What the task asks → Report each line below that carries the word "free".

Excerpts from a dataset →
================================
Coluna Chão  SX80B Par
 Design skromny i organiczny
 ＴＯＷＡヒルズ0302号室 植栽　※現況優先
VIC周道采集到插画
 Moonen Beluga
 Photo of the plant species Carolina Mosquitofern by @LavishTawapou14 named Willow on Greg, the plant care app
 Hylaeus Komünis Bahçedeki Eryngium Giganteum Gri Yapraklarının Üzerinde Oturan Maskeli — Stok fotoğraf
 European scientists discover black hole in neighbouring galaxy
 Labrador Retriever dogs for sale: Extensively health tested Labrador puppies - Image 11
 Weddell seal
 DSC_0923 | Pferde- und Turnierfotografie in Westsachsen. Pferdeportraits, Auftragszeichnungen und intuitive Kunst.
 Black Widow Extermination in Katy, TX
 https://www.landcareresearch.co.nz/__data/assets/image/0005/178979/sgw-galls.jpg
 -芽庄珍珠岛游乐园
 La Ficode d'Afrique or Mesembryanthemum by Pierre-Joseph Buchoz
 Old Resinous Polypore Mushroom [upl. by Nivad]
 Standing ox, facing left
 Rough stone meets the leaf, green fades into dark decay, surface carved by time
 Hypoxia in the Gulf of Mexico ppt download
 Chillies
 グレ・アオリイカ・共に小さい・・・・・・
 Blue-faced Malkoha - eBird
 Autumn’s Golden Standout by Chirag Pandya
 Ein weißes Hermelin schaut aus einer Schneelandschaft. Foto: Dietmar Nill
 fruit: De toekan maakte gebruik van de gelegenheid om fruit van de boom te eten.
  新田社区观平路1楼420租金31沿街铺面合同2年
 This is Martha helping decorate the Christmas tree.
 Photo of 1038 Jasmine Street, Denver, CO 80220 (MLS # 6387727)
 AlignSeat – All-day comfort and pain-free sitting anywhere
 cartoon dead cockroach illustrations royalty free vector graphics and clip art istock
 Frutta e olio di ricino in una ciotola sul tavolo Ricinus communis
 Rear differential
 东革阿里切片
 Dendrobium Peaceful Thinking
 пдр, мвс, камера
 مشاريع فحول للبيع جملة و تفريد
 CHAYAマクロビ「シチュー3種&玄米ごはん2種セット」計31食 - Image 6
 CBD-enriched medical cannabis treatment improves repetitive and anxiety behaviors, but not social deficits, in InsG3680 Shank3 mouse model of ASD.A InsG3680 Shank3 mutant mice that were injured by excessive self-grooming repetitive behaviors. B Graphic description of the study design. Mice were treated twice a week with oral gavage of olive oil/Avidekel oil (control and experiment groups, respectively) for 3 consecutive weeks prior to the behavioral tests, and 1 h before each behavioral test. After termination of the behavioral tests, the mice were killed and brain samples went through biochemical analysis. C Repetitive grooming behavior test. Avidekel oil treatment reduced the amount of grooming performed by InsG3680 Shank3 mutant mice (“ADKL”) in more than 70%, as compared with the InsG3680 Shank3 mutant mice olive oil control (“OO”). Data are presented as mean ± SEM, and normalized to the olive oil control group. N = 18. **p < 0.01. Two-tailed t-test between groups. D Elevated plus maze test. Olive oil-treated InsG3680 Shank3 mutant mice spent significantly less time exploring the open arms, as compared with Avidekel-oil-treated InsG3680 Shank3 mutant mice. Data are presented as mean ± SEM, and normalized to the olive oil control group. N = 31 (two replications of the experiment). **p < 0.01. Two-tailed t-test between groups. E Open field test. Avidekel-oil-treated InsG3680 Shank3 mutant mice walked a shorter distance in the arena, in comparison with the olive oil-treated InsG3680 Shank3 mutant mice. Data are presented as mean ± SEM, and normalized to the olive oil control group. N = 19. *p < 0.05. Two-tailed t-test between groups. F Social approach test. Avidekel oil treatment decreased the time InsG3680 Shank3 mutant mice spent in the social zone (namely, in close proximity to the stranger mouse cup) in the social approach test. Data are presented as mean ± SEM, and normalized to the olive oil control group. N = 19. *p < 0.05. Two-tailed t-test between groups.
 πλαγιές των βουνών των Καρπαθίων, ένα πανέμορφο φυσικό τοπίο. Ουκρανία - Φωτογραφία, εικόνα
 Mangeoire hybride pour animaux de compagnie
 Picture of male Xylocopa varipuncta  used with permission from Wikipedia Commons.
================================
Response for this exercise →
 AlignSeat – All-day comfort and pain-free sitting anywhere
 cartoon dead cockroach illustrations royalty free vector graphics and clip art istock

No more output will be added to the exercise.